È una, liberissima, rielaborazione de I Fratelli Karamazov il lungometraggio Squali di Alberto Rizzi, presentato fuori concorso alla 22ma edizione di Alice nella Città (sezione autonoma e parallela della 19ma Festa del Cinema di Roma) fra le proposte di Panorama Italia. E, dopo il precedente Si muore solo da vivi (2020), il regista si misura con l’ultimo capolavoro di Fedor Dostoëvskij, trasportandolo dalla Russia zarista a una provincia veneta contemporanea e insieme sospesa in una cappa malsana di avidità, alienazione, incesto, odio e desiderio, disperato e contraddittorio, di riscatto.

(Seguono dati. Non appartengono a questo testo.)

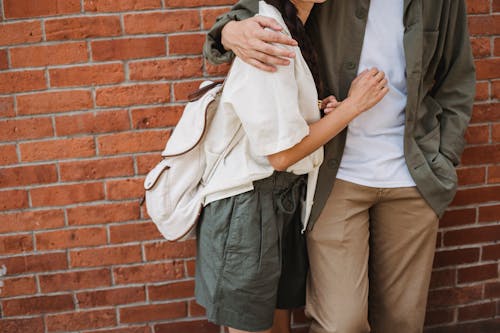 Free Crop unrecognizable romantic couple wearing trendy summer clothes embracing each other against masonry wall Stock Photo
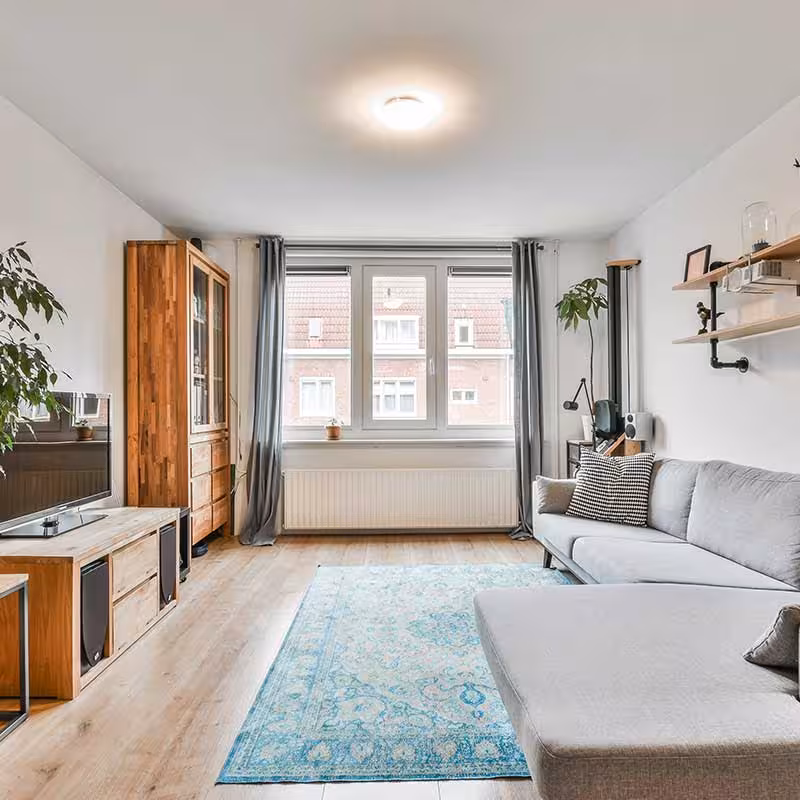 large room refurbished and redecorated, long view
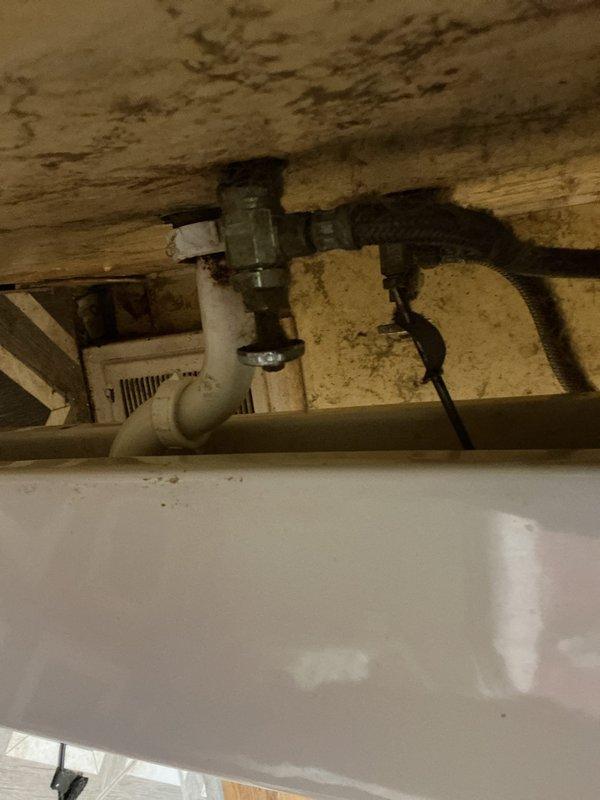 Responded to a slow-draining bathroom pedestal sink. Upon inspection, accessed the drain assembly from below through the basement ceiling area where the waste line and shut-off valve were visible. Cleared the obstruction in the drain line, restoring proper drainage flow to the fixture. Tested the sink to confirm the issue was resolved and proper drainage was restored.
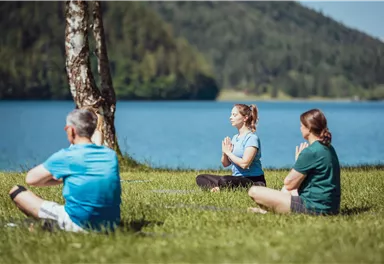 Three people are meditating by the shore of a lake. The surroundings are green and surrounded by trees.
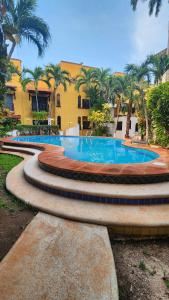 a pool with palm trees in front of a building at Casa Kalily Sol in Playa del Carmen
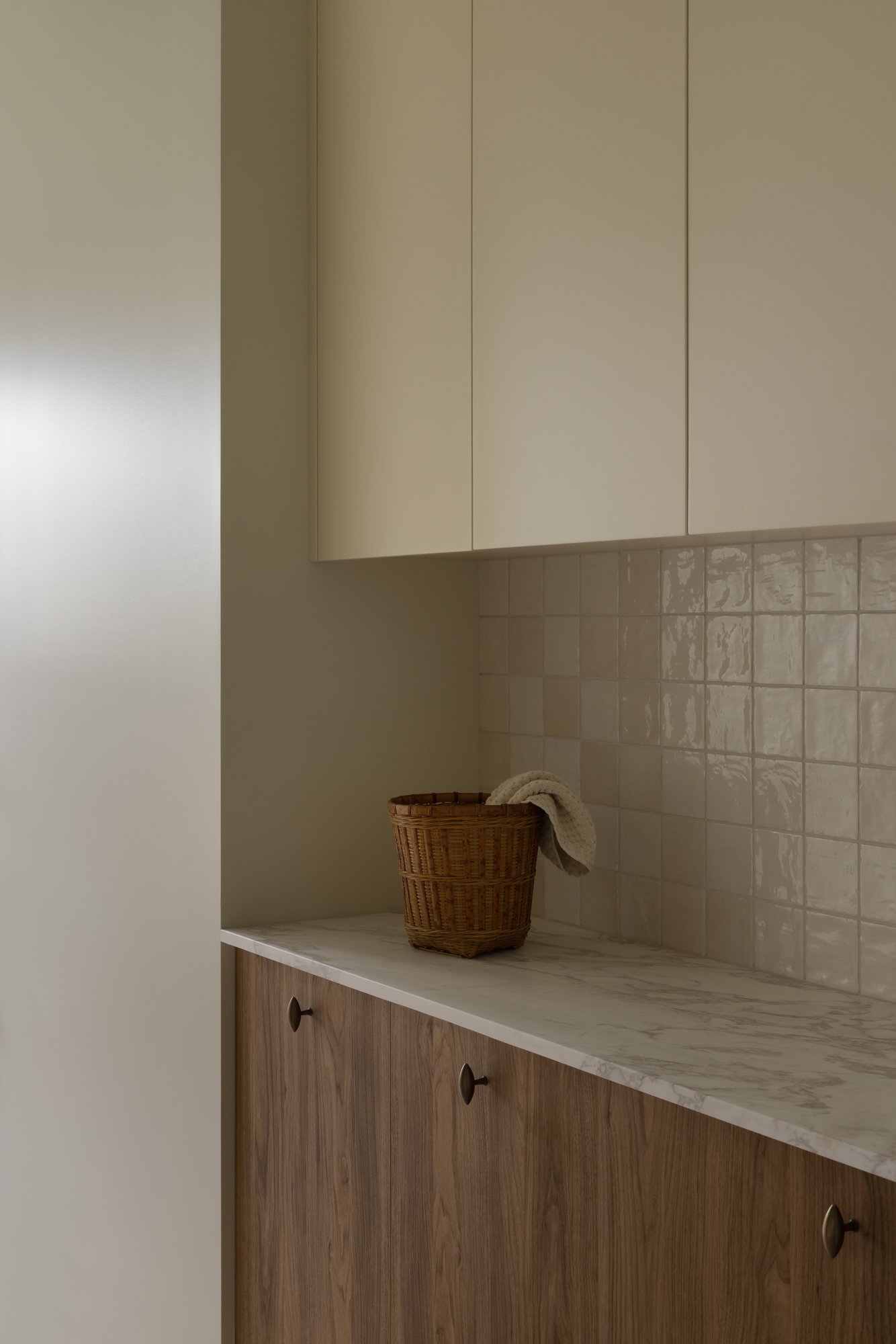 Bathroom countertop with a basket and towel, beige cabinets, tiled wall.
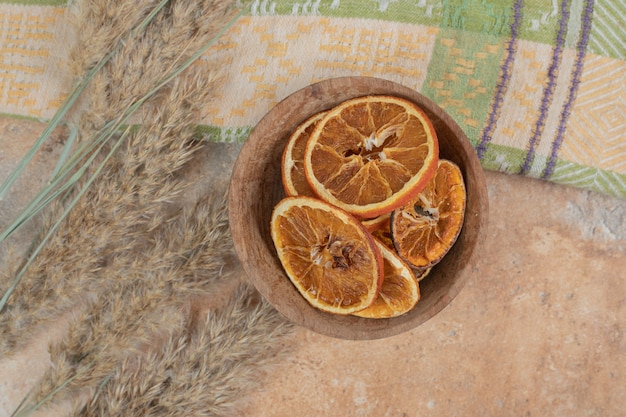 Bowl of orange slices with tablecloth on marble surface.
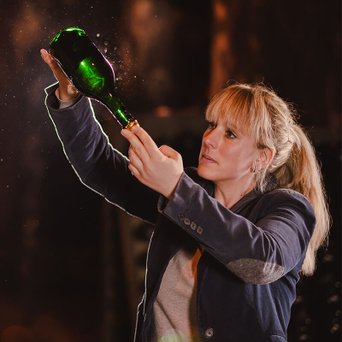 Eine Frau hält eine grüne Flasche in der Hand und betrachtet sie aufmerksam, während sie in einem dunklen Raum steht.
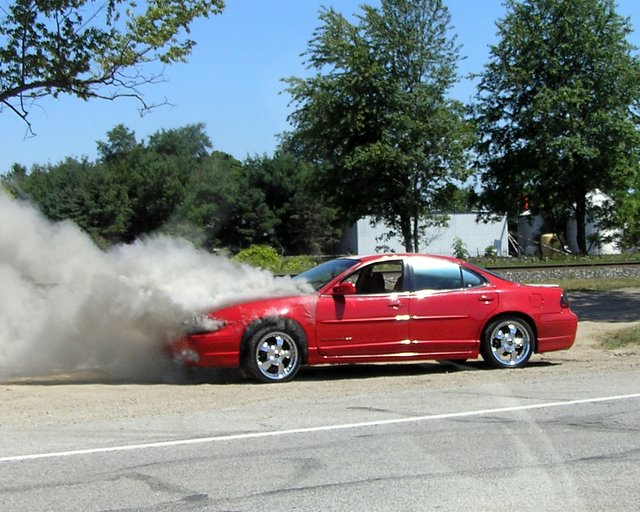 a red car has smoke from it, making the top sparkle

«Volevo fare un film che andasse a spiare l’orrore dentro di noi», spiega a Ciak Rizzi, che per questa nuova fatica (prodotta da Andrea Moserle e Mattia Conati per Magenta Film, in collaborazione con Ippogrifo Produzioni) ha trovato terreno fertile nell’originale del grande scrittore, dove lo scavo dei personaggi prevale sulla trama stessa: «Penso che nessuno meglio di Dostoëvskij sappia indagare l’animo umano nei minimi dettagli».
I tormentati antieroi della trasposizione, che come nel libro si rincontrano e scontrano nella casa paterna, sono i fratelli Camaso: Demetrio (Stefano Scherini), Ivan (Diego Facciotti), Alessio (Gregorio Righetti) e Sveva (Maria Canal), reinterpretazione quest’ultima dello Smerdjakov dostoëvskijano: «L’elemento femminile è molto importante nel film [dove il monastero in cui studia Alessio ruota intorno a una santa impersonata da Chiara Mascalzoni, NdA], quasi in contrapposizione al padre inteso come patriarcato, che cerca di seppellire le madri», spiega il regista, che ha scelto Mirko Artuso per il ruolo del corrotto e bevitore genitore-padrone Leone. Il cui conflitto con Demetrio riguarda anche l’attrazione per la stessa donna, la “Crucca” (Sara Putignano).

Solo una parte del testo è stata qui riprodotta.